Peta Jones Pellach
Teacher and activist in Jerusalem

‘Just Like a Woman’

Last night, I saw that Bob Dylan has released a new album. Apparently, it is very good.

The announcement brought up happy memories. I grew up on Dylan and we learnt his lyrics almost as we learnt religious texts. (Leonard Cohen came later.) I don’t remember precisely what we said about “Just Like a Woman” then. When I read it now, I certainly don’t feel that it offends my feminist sensitivities. Indeed, there is a lot of sadness and pain in the song, and there is no generalisation from the individual girl/woman who has caused this pain to women in general.

Unfortunately, this is not true of many blues and folk songs that typically depict women as untrustworthy or deceitful. Those songs, of course, did not invent the image. There are folk-tales and fairy-tales that form the backbone of most of the cultures of which we are familiar that portray women as entrappers of men and embodiments of evil.

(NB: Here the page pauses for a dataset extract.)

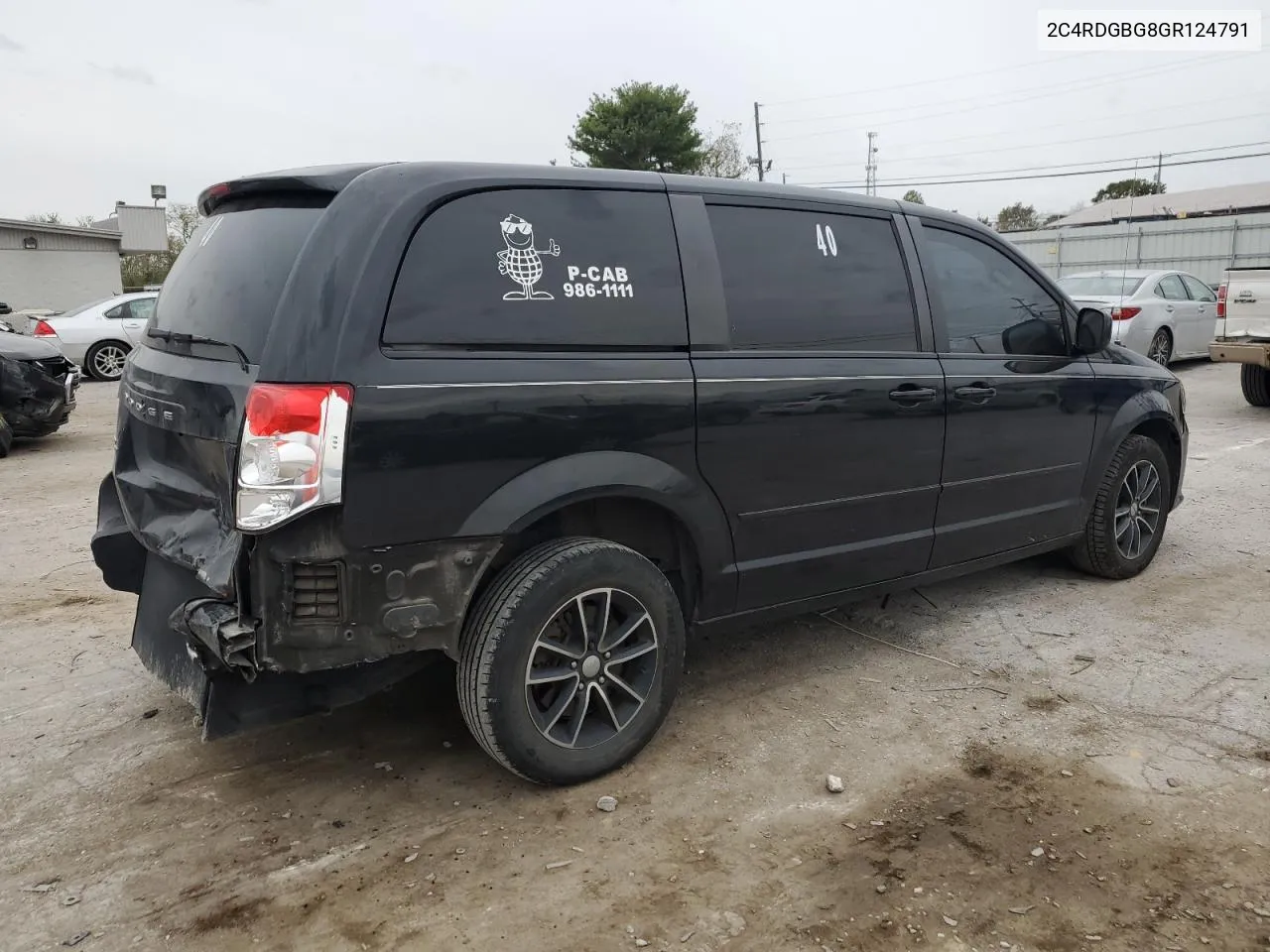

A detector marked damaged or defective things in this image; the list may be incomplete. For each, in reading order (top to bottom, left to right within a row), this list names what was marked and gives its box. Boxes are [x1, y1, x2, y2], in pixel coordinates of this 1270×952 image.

Jewish tradition had Lilith. We had witches. Rabbinic literature contains warnings to men about the duplicity of women (as well as their light-headedness) and negative attitudes persist.

“Just like a woman” was often a way of demeaning someone.

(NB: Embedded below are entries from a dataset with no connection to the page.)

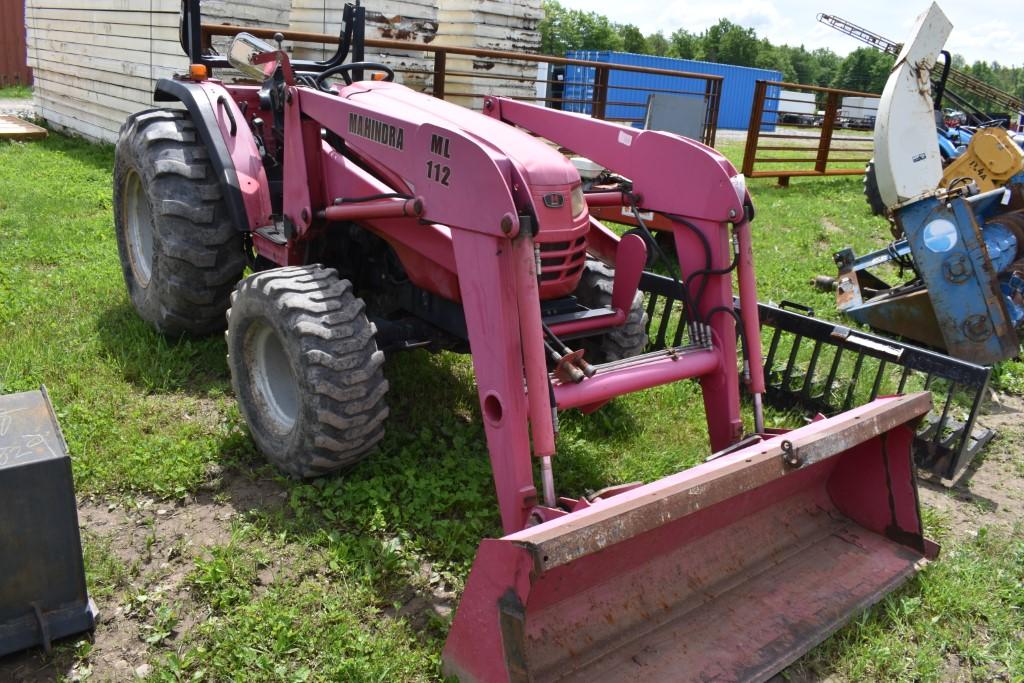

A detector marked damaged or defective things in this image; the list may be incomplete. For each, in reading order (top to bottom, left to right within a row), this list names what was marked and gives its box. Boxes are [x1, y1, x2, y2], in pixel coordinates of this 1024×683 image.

rusted metal siding [0, 0, 32, 87]
rusted steel frame [745, 79, 770, 176]
rusted steel frame [815, 90, 839, 174]
rusty metal box [0, 387, 96, 655]
rusted steel frame [507, 393, 933, 569]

As a proud Jewish woman, I struggle with the negative references and take strength from praises of women, which also abound in our tradition, along with the marvellous role-models in the Tanakh.

As a woman who chooses to stay within Orthodoxy and to accept the limitations on my participation in communal worship, I am in an ongoing struggle to build and strengthen my relationship with the Divine without any of the physical “props” that men use. While some of my sisters have changed their behaviour and taken on some of these rituals, I do not wear tzitzit as a daily reminder of the Exodus or bind tefillin onto my arm and forehead; in Synagogue worship, I do not go up to the “bimah” or read from the Torah (except in women’s prayer groups).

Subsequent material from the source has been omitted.